• _INFORMATION SUPPLIED_:
━━━━━━━━━━━━━━━━━━━━

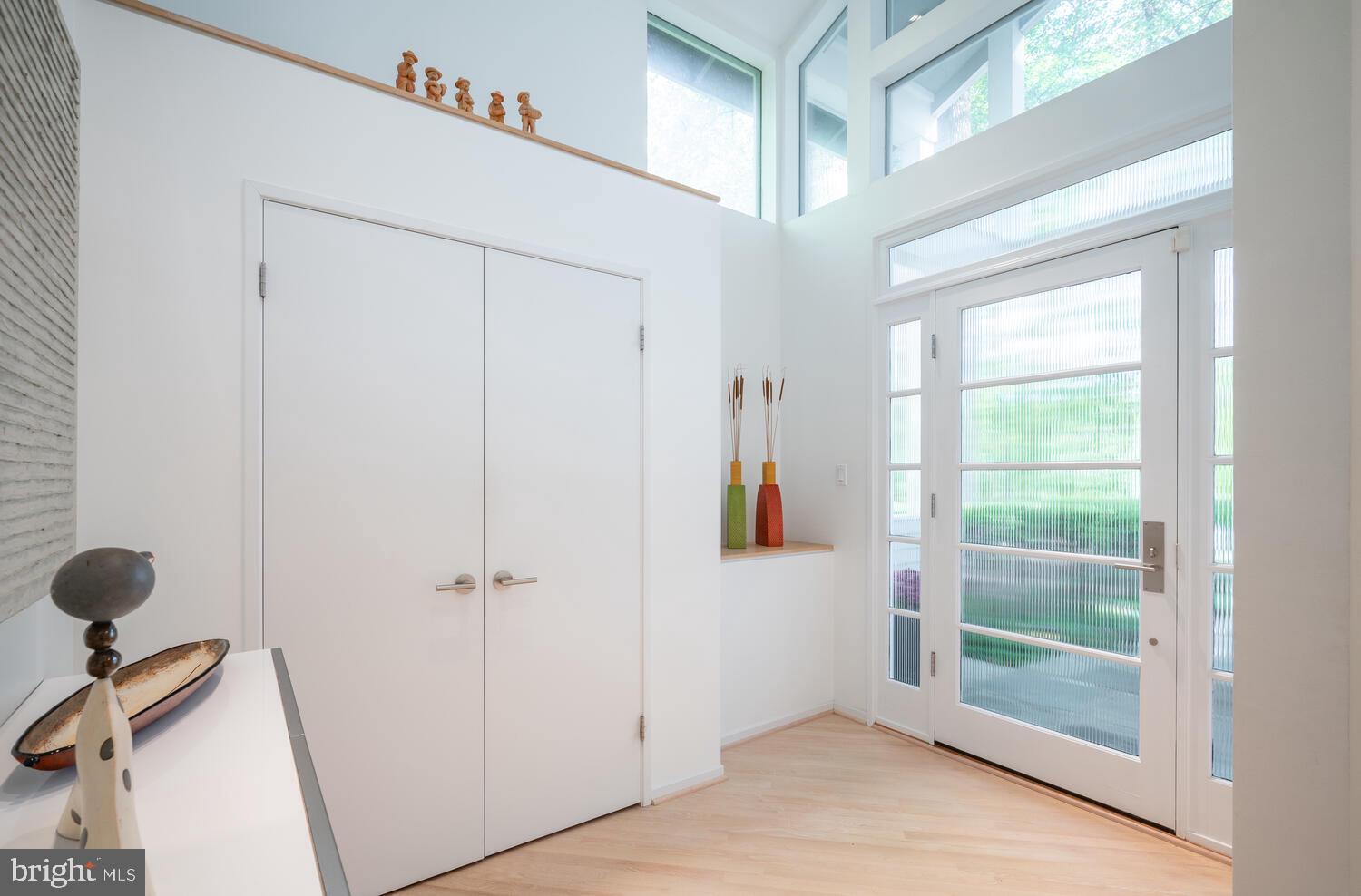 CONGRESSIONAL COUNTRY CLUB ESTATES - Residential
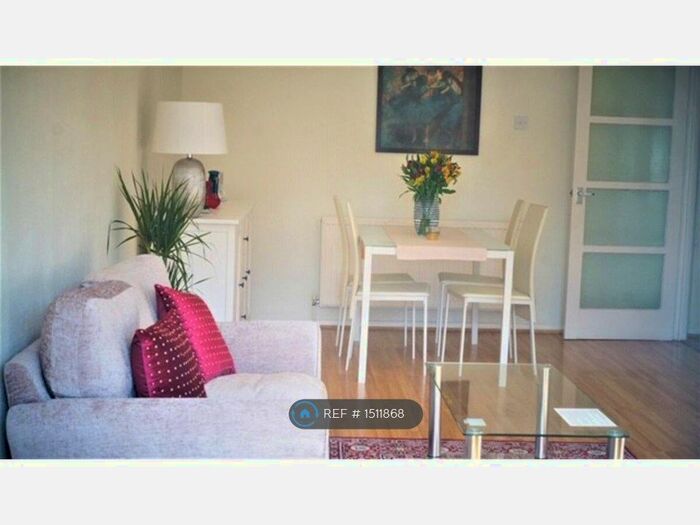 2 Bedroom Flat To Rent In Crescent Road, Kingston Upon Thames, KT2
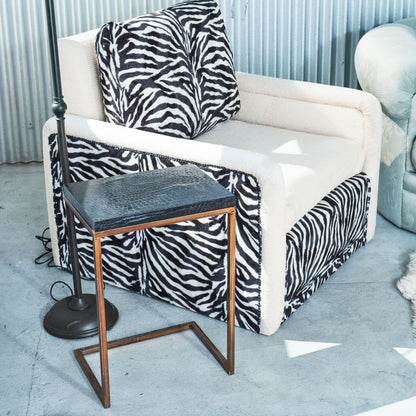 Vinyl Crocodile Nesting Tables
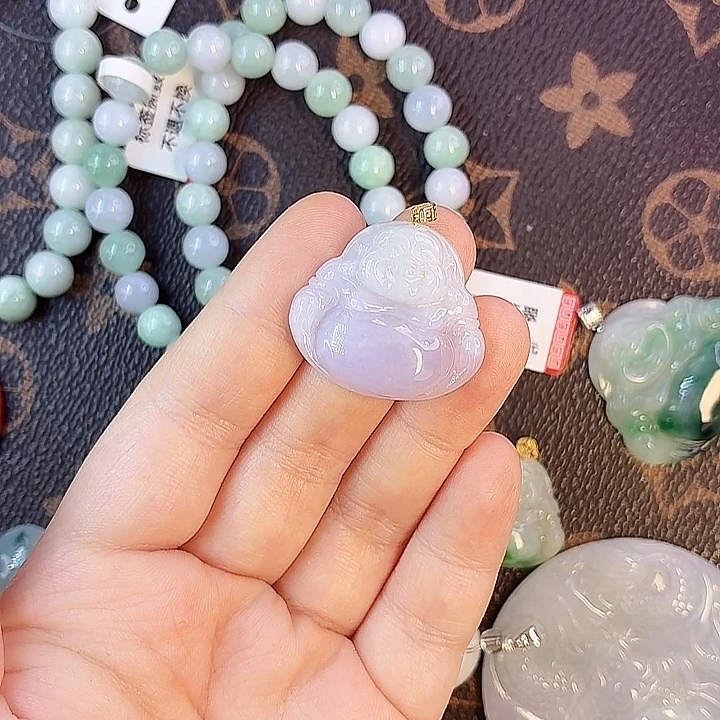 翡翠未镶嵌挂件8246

━━━━━━━━━━━━━━━━━━━━

• _WHAT THE TASK ASKS_: Please give back every line above exactly as it stands, without pictures.

• _ANSWER FOR THE TASK_:
 CONGRESSIONAL COUNTRY CLUB ESTATES - Residential
 2 Bedroom Flat To Rent In Crescent Road, Kingston Upon Thames, KT2
 Vinyl Crocodile Nesting Tables
 翡翠未镶嵌挂件8246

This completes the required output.